Every entry must reappear in your answer exactly as written, though its pictures must not.

(Material provided Opens)

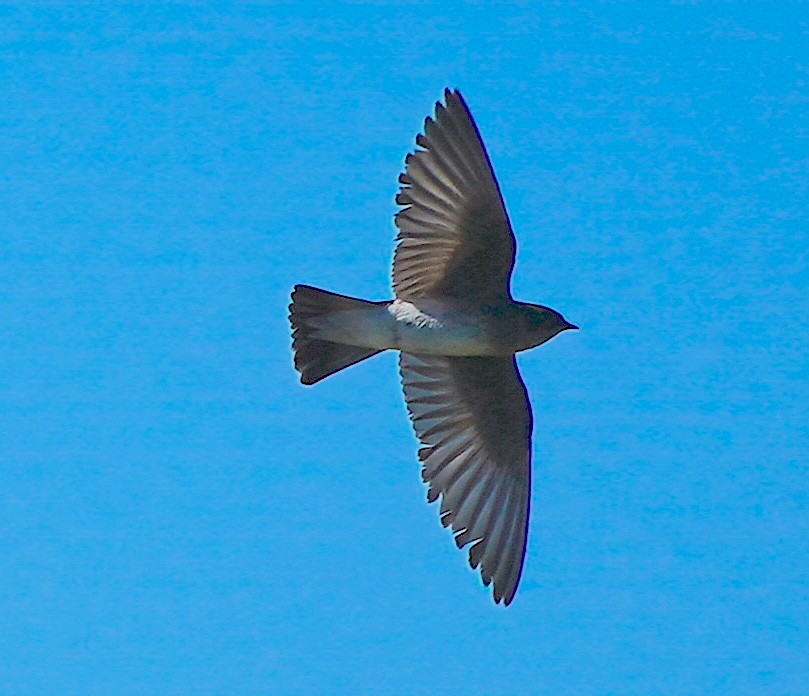 Northern Rough-winged Swallow - ML620171858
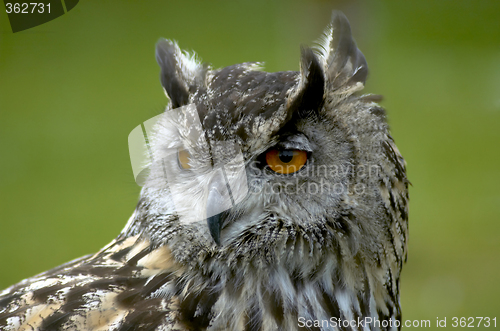 Image of eagle owl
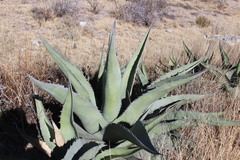 Agave asperrima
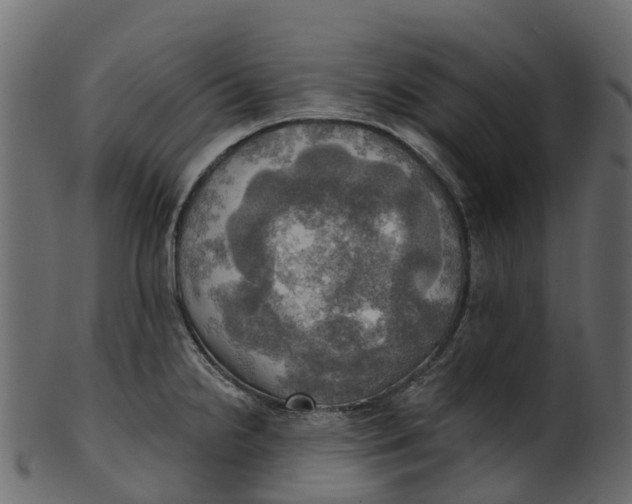 X0000100471238200807031820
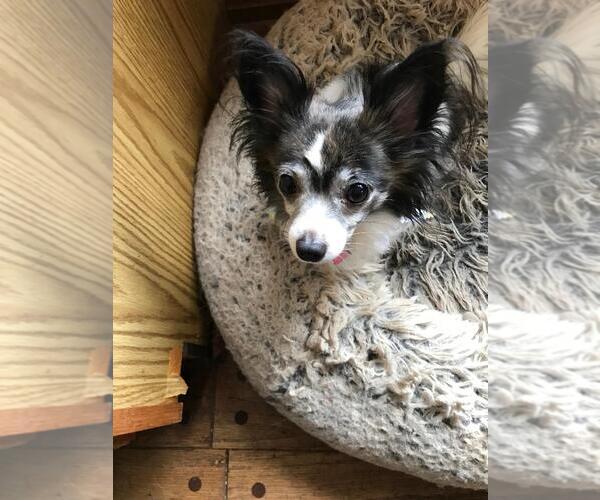 Medium Photo #2 Chihuahua Puppy For Sale in Rootstown, OH, USA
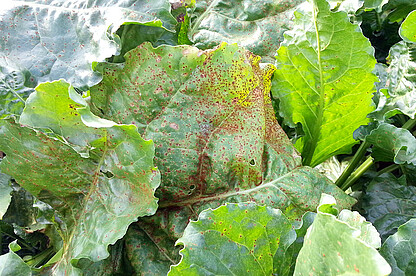 Optimal conditions for rust are higher humidity and medium temperatures (15 to a maximum of 22°C). Rust of sugar beet can be relevant when it comes to yield losses. 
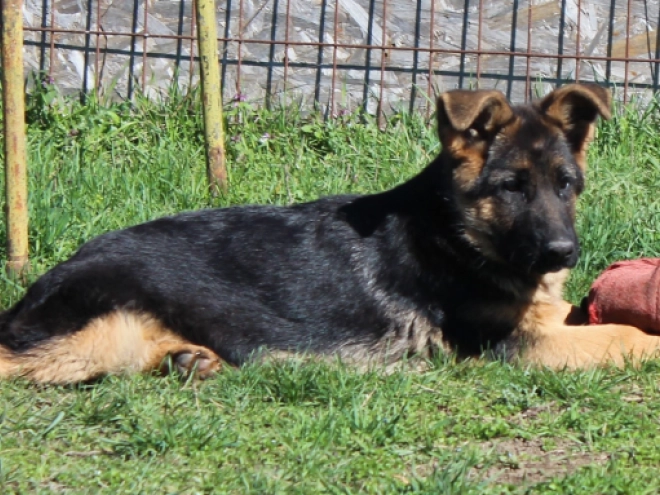 German Shepherd Dog puppy for sale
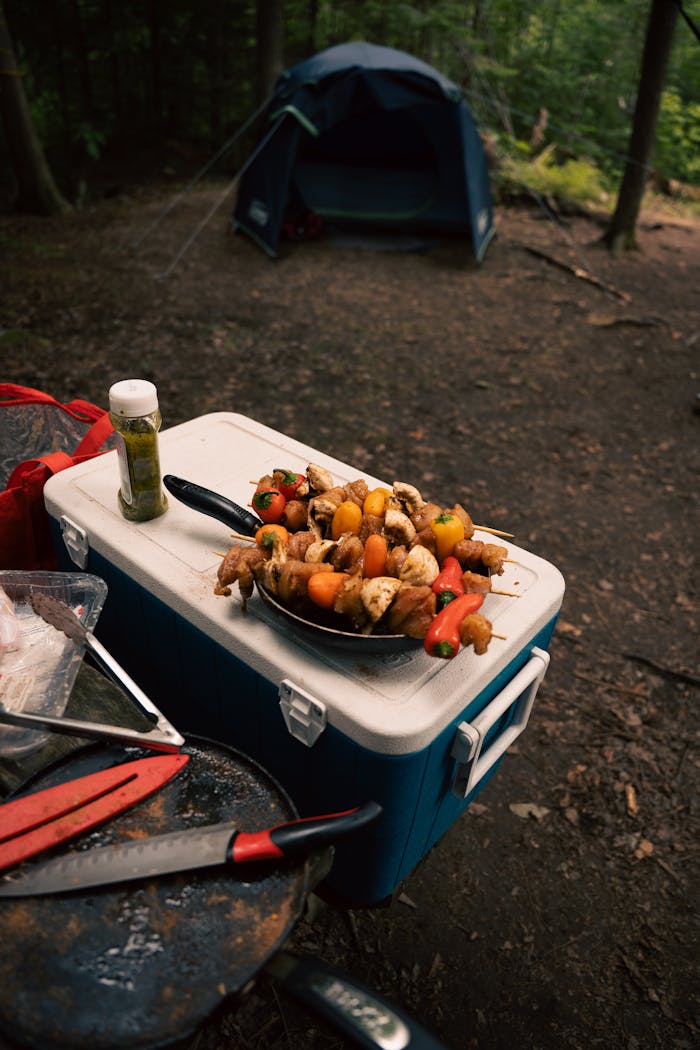 Home Sizzling skewers on a cooler at a forest campsite, perfect for adventure lovers.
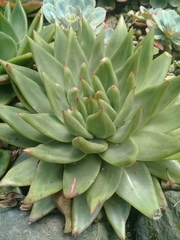 Echeveria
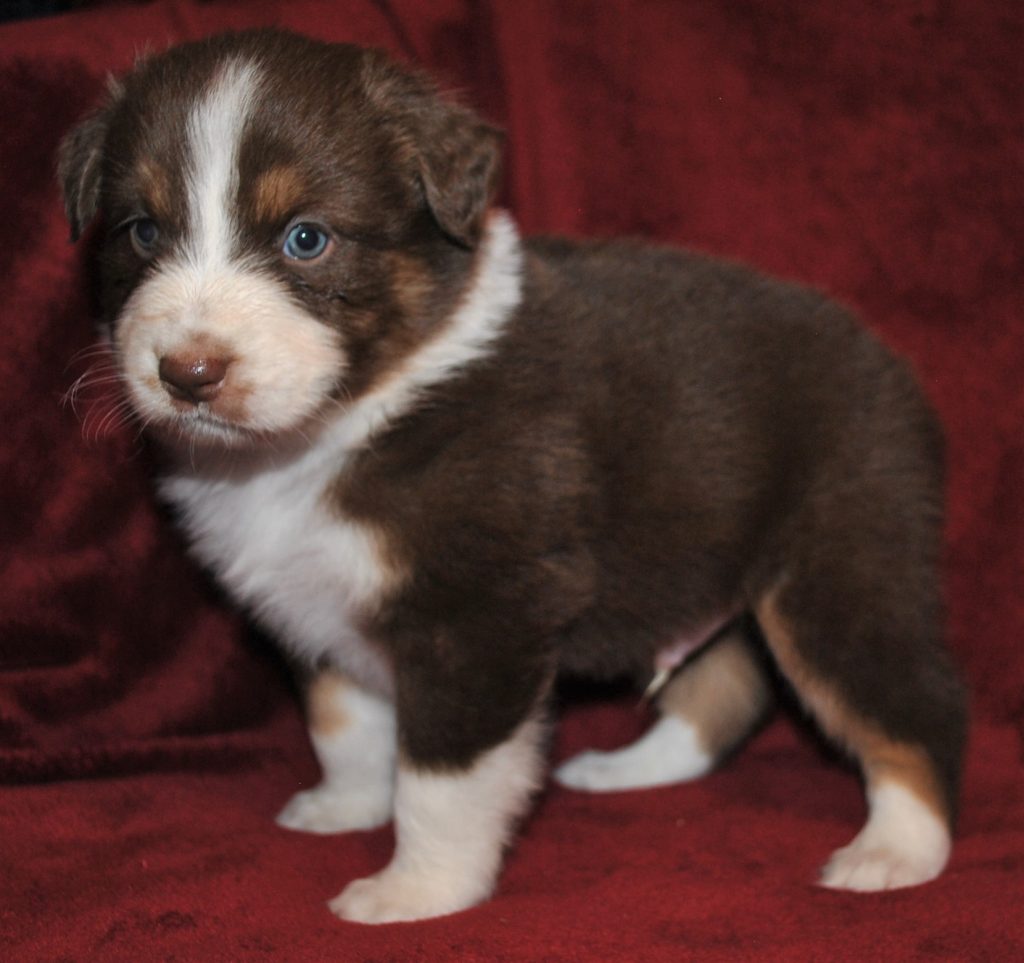 Australian Shepherd Puppies for Sale in North & South Carolina ...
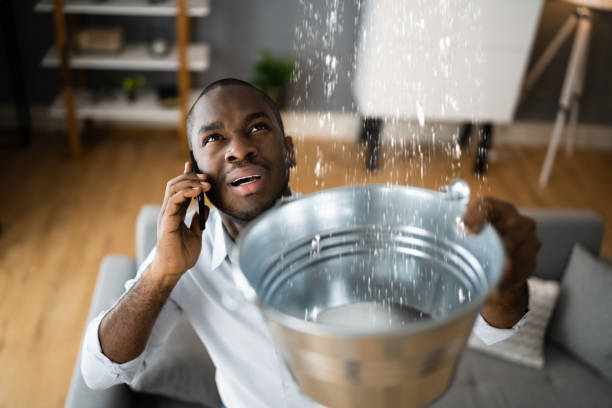 Best Local water damage restoration  in Attica, MI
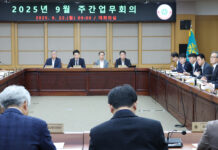 “기억과 공간이 공존하는 도시, 철거보다 상생”대전시, 한밭야구장‘복합 문화공간’으로 전환 검토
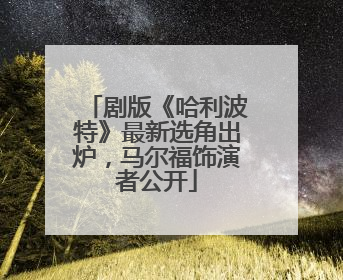 剧版《哈利波特》最新选角出炉，马尔福饰演者公开
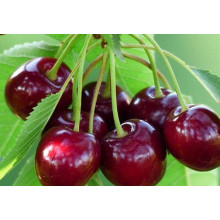 Вишня домашня Шпанка (рання) | Prunus cerasus Shpanka | Вишня домашняя Шпанка (ранняя)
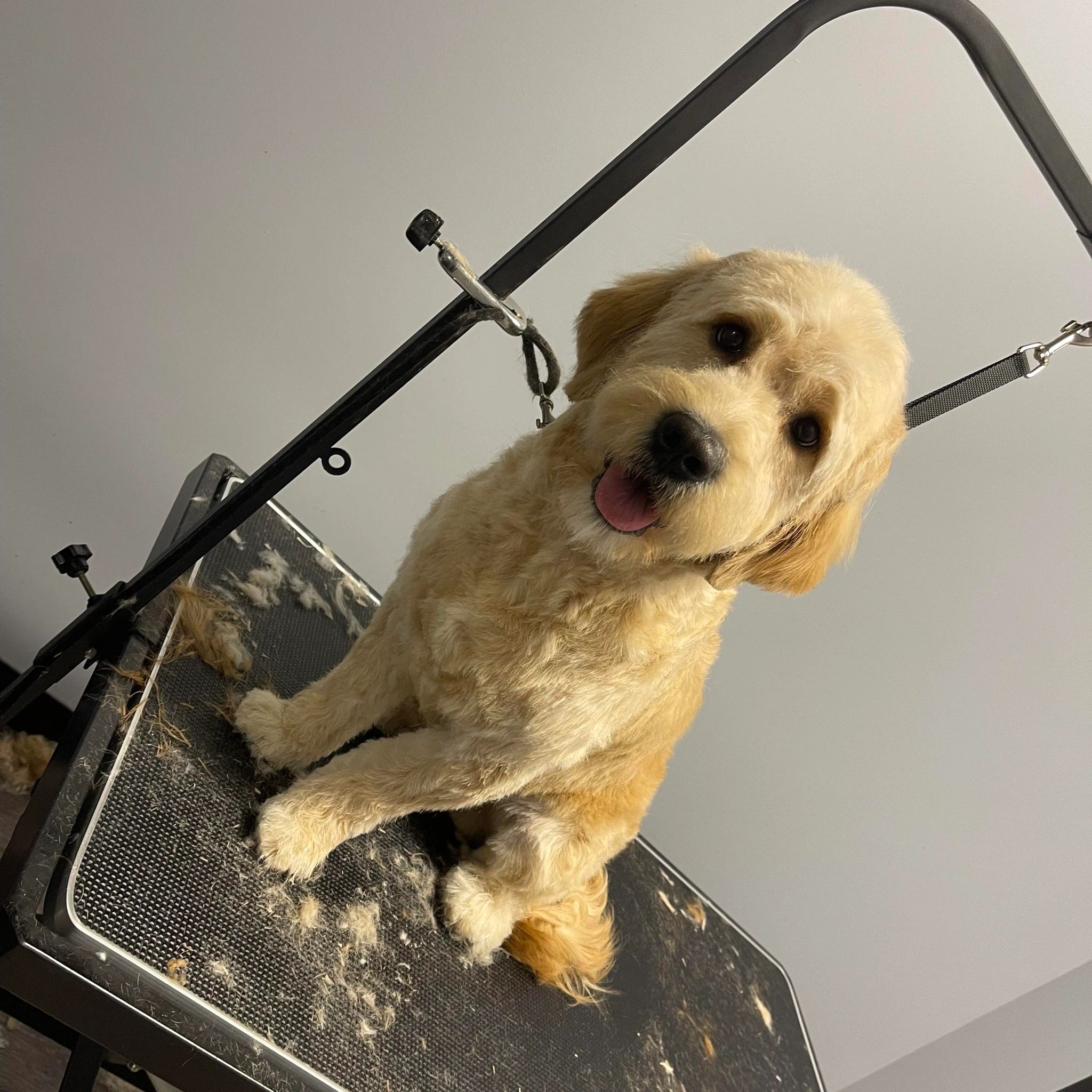 Pooches grooming hot sale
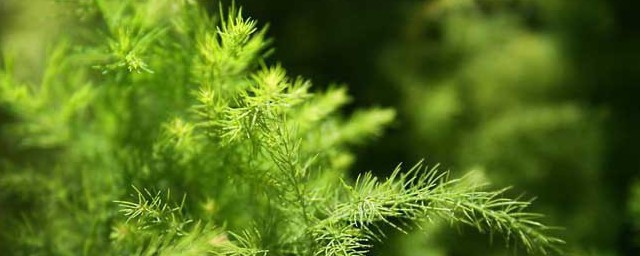 文竹的风水摆放位置 文竹怎么摆
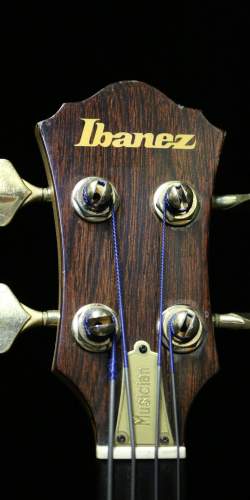 Ibanez Musician Bass Fretless de 1983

(Material provided Closes)

_Output of the task_
 Northern Rough-winged Swallow - ML620171858
 Image of eagle owl
 Agave asperrima
 X0000100471238200807031820
 Medium Photo #2 Chihuahua Puppy For Sale in Rootstown, OH, USA
 Optimal conditions for rust are higher humidity and medium temperatures (15 to a maximum of 22°C). Rust of sugar beet can be relevant when it comes to yield losses. 
 German Shepherd Dog puppy for sale
 Home Sizzling skewers on a cooler at a forest campsite, perfect for adventure lovers.
 Echeveria
 Australian Shepherd Puppies for Sale in North & South Carolina ...
 Best Local water damage restoration  in Attica, MI
 “기억과 공간이 공존하는 도시, 철거보다 상생”대전시, 한밭야구장‘복합 문화공간’으로 전환 검토
 剧版《哈利波特》最新选角出炉，马尔福饰演者公开
 Вишня домашня Шпанка (рання) | Prunus cerasus Shpanka | Вишня домашняя Шпанка (ранняя)
 Pooches grooming hot sale
 文竹的风水摆放位置 文竹怎么摆
 Ibanez Musician Bass Fretless de 1983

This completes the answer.